The whole listing, except its pictures, is to be repeated exactly.

§ DATA EXCERPT:

<<<<

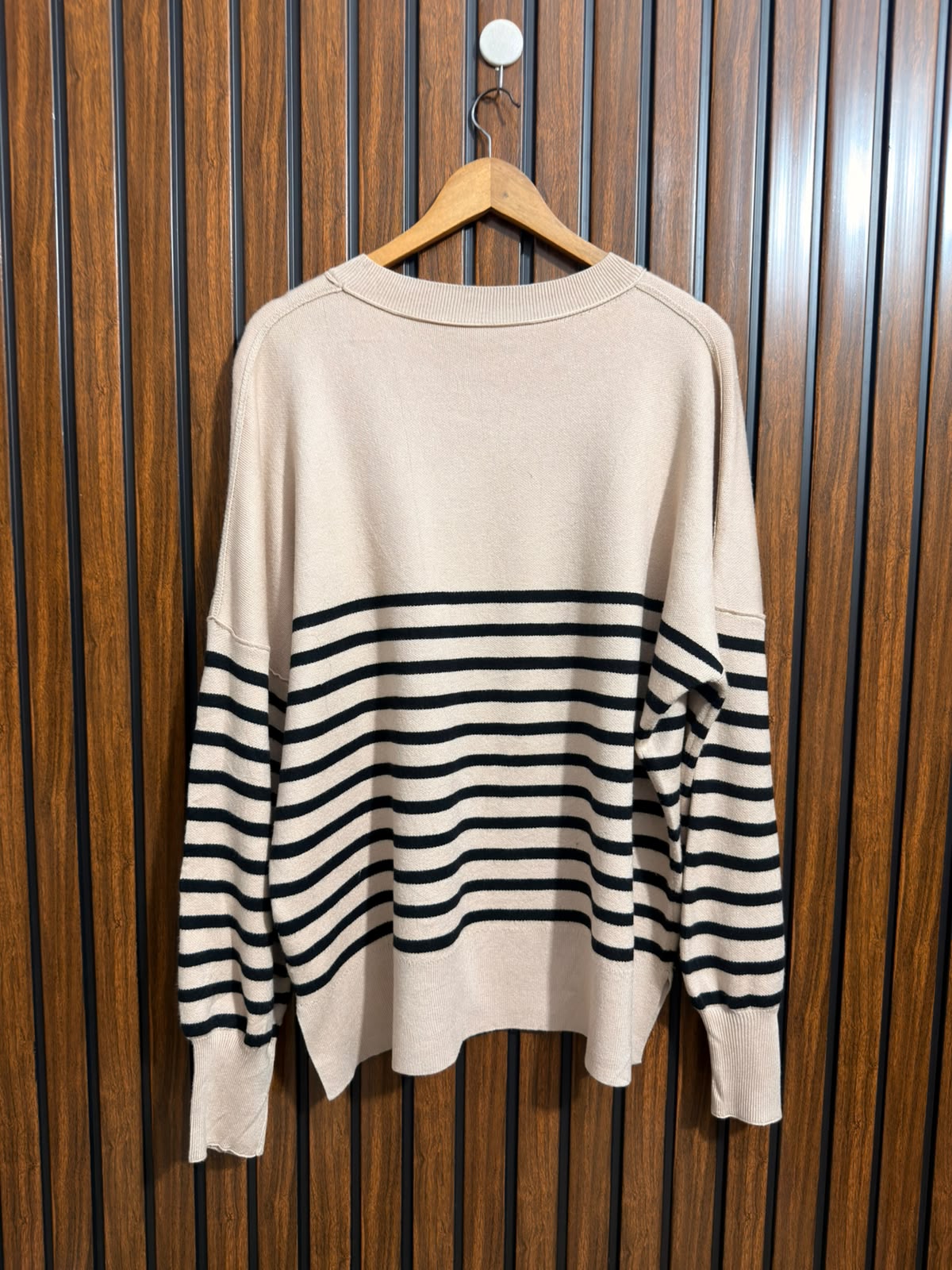 Chest large  baggy style  Lenght 28 Imported Sweater Collection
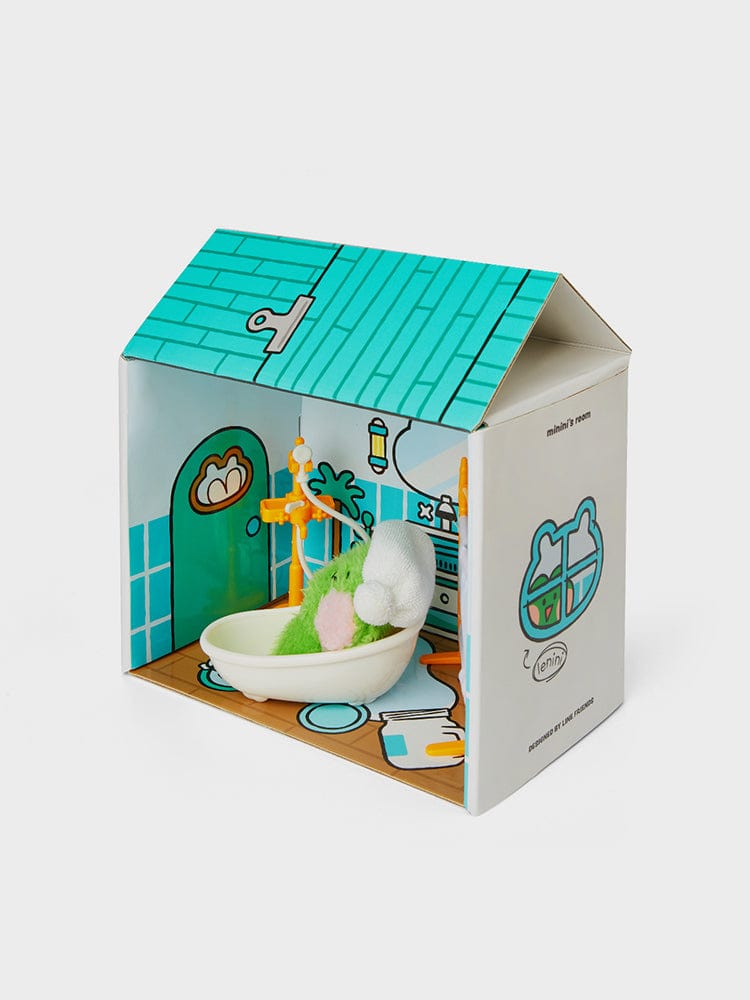 LINE FRIENDS mini minini lenini's DOLLHOUSE – LINE FRIENDS SQUARE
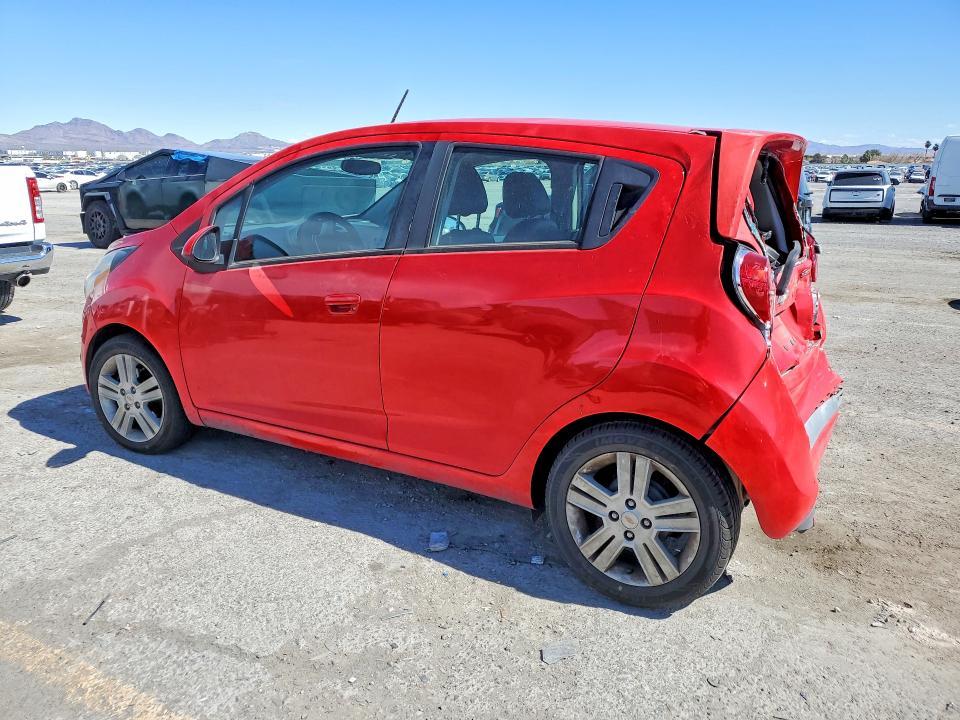2015 Chevrolet Spark 1LT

>>>>

§ RESPONSE AREA:
 Chest large  baggy style  Lenght 28 Imported Sweater Collection
 LINE FRIENDS mini minini lenini's DOLLHOUSE – LINE FRIENDS SQUARE
2015 Chevrolet Spark 1LT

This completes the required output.